String specifying what form the output of the function should take where the options are either,

  • "penalty"

  • "full"

"Penalty" will return only the ribosomal penalty that resulted in the best performance (the smallest median distance between artificial and true cells). While "full" will return the ideal ribosomal penalty and the median distance between artificial and true cells for each penalty tested. This allows insight into how the penalty was selected.

  • Default is "penalty".

ribosome_penalty

Numeric specifying the factor by which the probability of loosing a transcript from a ribosomal gene is multiplied by. Here, values closer to 0 represent a greater penalty.

  • Default is 0.01.

seed

Numeric specifying the random seed to ensure reproducibility of the function's output. Setting a seed ensures that the random sampling and perturbation processes produce the same results when the function is run multiple times with the same input data and parameters.

  • Default is 7.

verbose

Boolean specifying whether messages and function progress should be displayed in the console.

  • Default is TRUE.

Value

Numeric representing the ideal ribosomal penalty for an input dataset.

Details

Based on observations of true single cell data, we find that ribosomal RNA loss occurs less frequently than expected based on abundance alone. To adjust for this, the probability scores of ribosomal gene loss are multiplied by a numerical value (ribosome_penalty) between 0 and 1. Lower values (closer to zero) better approximate true data, with a default of 0.01, though this can often be greatly refined for the input data.

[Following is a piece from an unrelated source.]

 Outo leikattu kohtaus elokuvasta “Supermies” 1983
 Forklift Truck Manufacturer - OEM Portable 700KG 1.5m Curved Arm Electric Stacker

Refinement follows a similar workflow to detect_damage(), but rather than evaluating the similarity of true cells to sets of artificial cells to infer their level of damage, we evaluate the similarity of artificial cells to true cells to infer the effectiveness of their approximation to true data. This is calculated using the distance to the nearest true cell (dTNN) taken for each artificial cell found using the Euclidean distance matrix. The median dTNN is computed iteratively until stabilization or a worsening trend. The ideal ribosomal_penalty is then selected as that which generated the lowest dTNN.

Examples

data("test_counts", package = "DamageDetective")

penalty <- select_penalty(
 count_matrix = test_counts,
 stability_limit = 1,
 max_penalty_trials = 1,
 seed = 7
)
#> Testing penalty of 1e-05...
#> Maximum penalty trials reached (1). Stopping.